雨のうた(11)
高橋順子(文)・佐藤秀明(写真)『雨の名前』という本が手元にある。この本は、日本における雨の名前がいかに多彩かを示している。日常ではあまり聞き慣れない例を次にあげる。但し歌の例はほとんど無い。

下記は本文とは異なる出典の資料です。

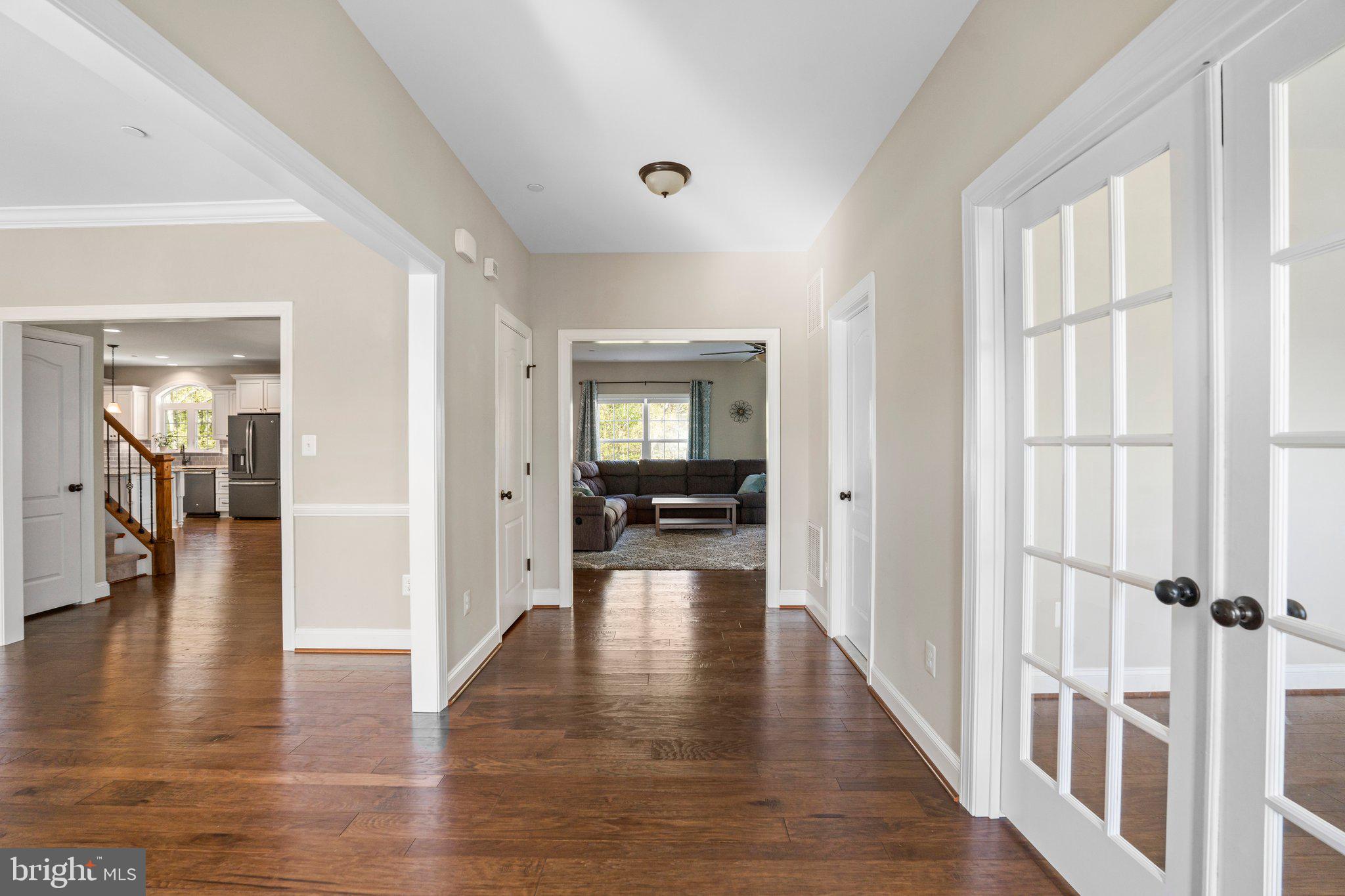 TWIN PONDS - Residential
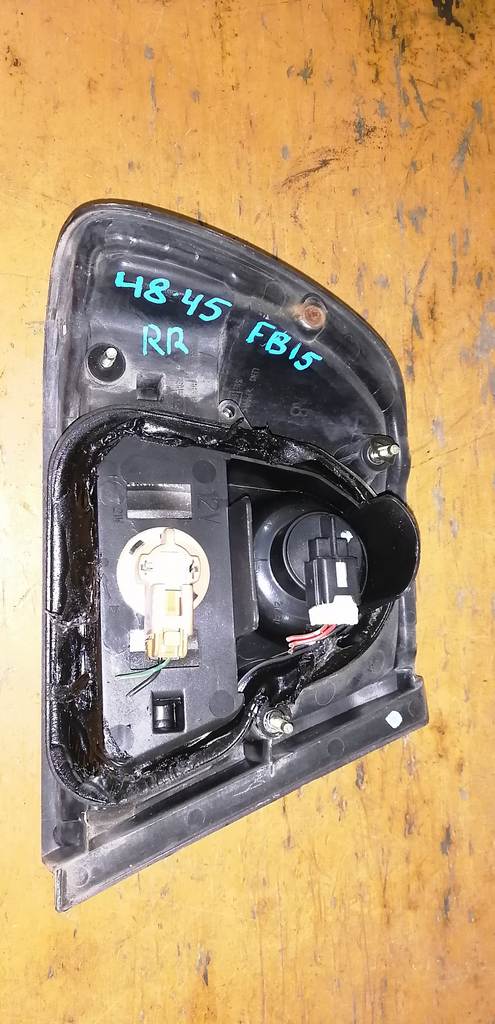 Осветительные приборы Nissan Sunny 2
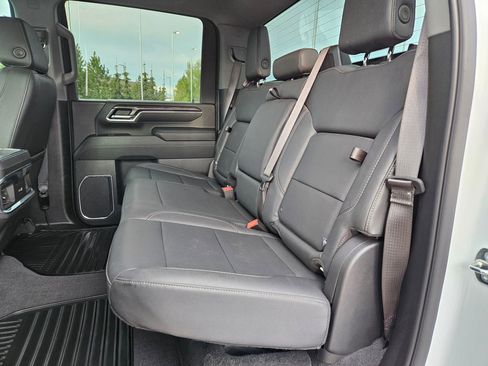 Used 2024 Chevrolet Silverado 3500 LTZ w/ LTZ Convenience Package AWD/4WD image 27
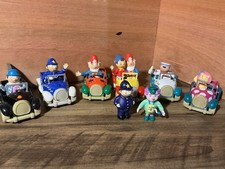 Vintage Noddy & Big Ears In Toyland Corgi 5  Cars 9 Figures  Milkman Policeman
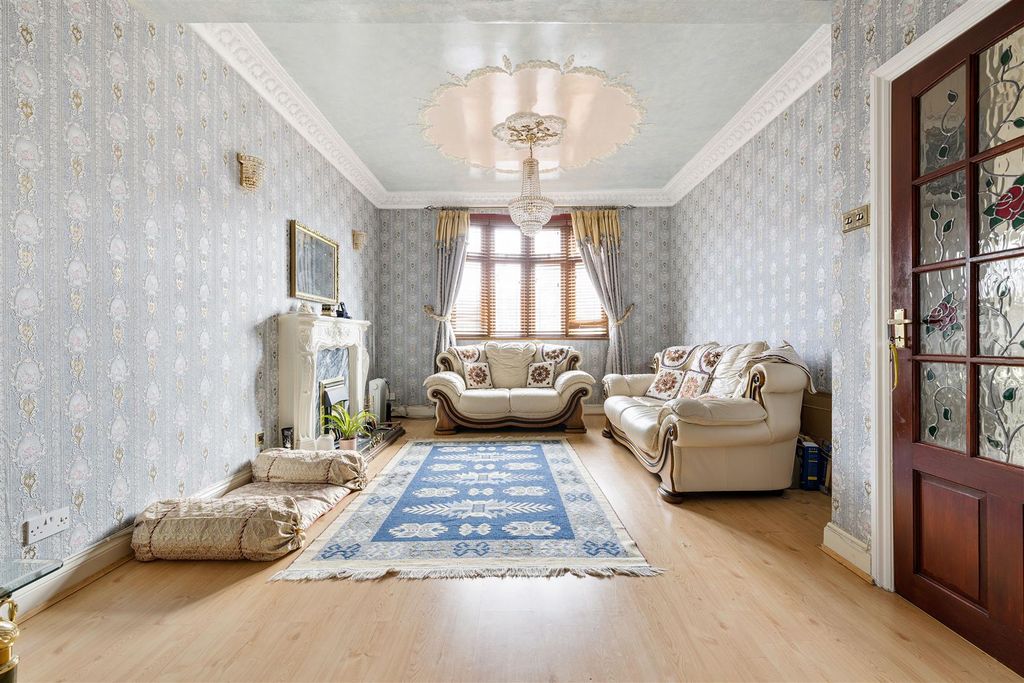 Property photo 2 of 27 Dames Road E7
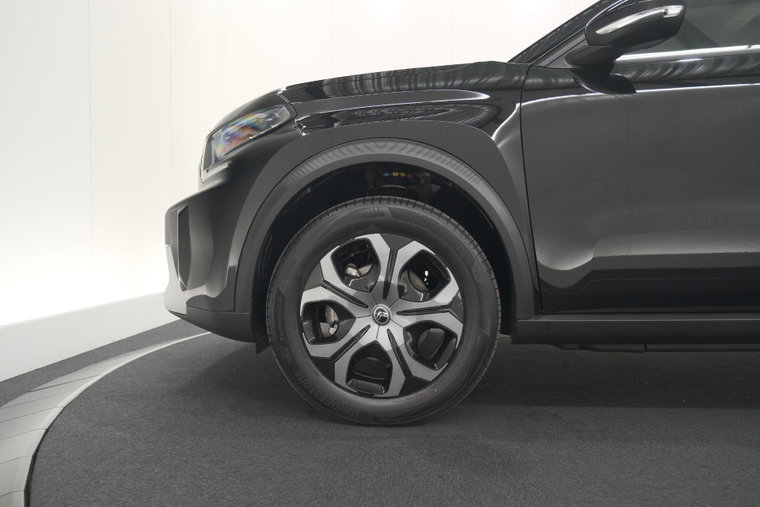 Vehicle Image 17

梅若の涙雨: 謡曲「隅田川」の主人公梅若丸の忌日とされる
陰暦三月十五日に降る雨。
蛙目隠(かえるめかくし): 新潟県東蒲原郡に伝わる言葉。
農作業が始まる頃に降る雨。
甘雨(かんう): 草木にやわらかく降りそそぐけぶるような雨。
木の芽雨: 木の芽どきに降る雨。「木の芽起こし」「木の芽流し」なども。
万年前に降りにし雨が湧きいづる四十度を越す湯水
となりて 春日井 建
洪水のはじまりとして一粒の雨が誰かをすでに打つたか
香川ヒサ
雨のむかうに透けて見えゐるその町は何とさびしく雨が
降りゐる 河野裕子
結局は空へ帰りたい雨だ水たまりの中の空をノックす
久保田幸枝
僅かなる窪みにも雨はたまれるか車次々はねあげて過ぐ
神作光一
花ふたつ全くひらき暁の雨をたたへし浄きしづまり
小暮政次
草の上降り渡りゆく冬の雨音なきものの音も聴くべし
扇畑忠雄
まっすぐな雨には勁き腰ありて負けないように傘たて直す
鷲尾三枝子
花咲かせすべてを散らす大仕事了へし桜に甘雨(かんう)
ふりをり 高野公彦
[注意]この「雨のうた」シリーズでは、「春雨」「五月雨」「時雨」などを含めていない。古典和歌や江戸俳諧には大変多く詠まれているので、別の機会にあらためてとり上げることにしたい。